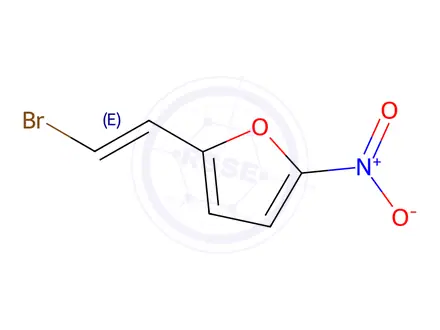 Chemical structure of 2-(2-bromoethenyl)-5-nitrofuran
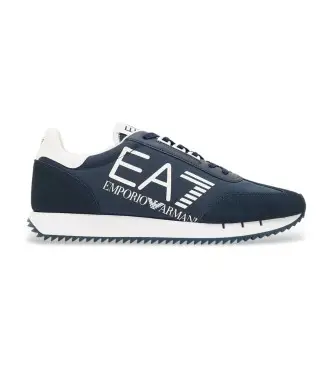 unisex 7X000541_AF18609 Sneakers vintage blu navy (44), Stringhe, Casual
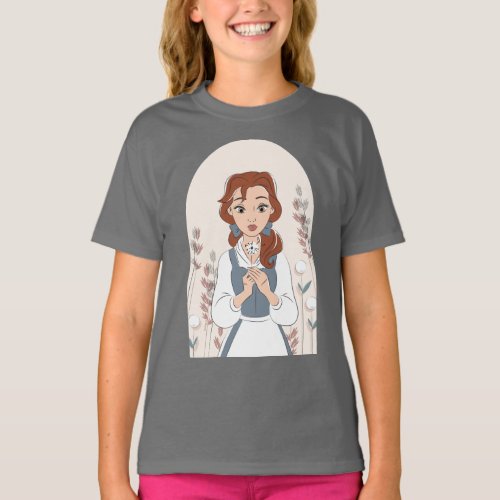 Personalized Disney  Belle in the Garden T_Shirt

▸ TASK REQUIREMENTS
Copy out the listing word for word and skip its pictures.

▸ OUTPUT OF THE TASK
 Chemical structure of 2-(2-bromoethenyl)-5-nitrofuran
 unisex 7X000541_AF18609 Sneakers vintage blu navy (44), Stringhe, Casual
 Personalized Disney  Belle in the Garden T_Shirt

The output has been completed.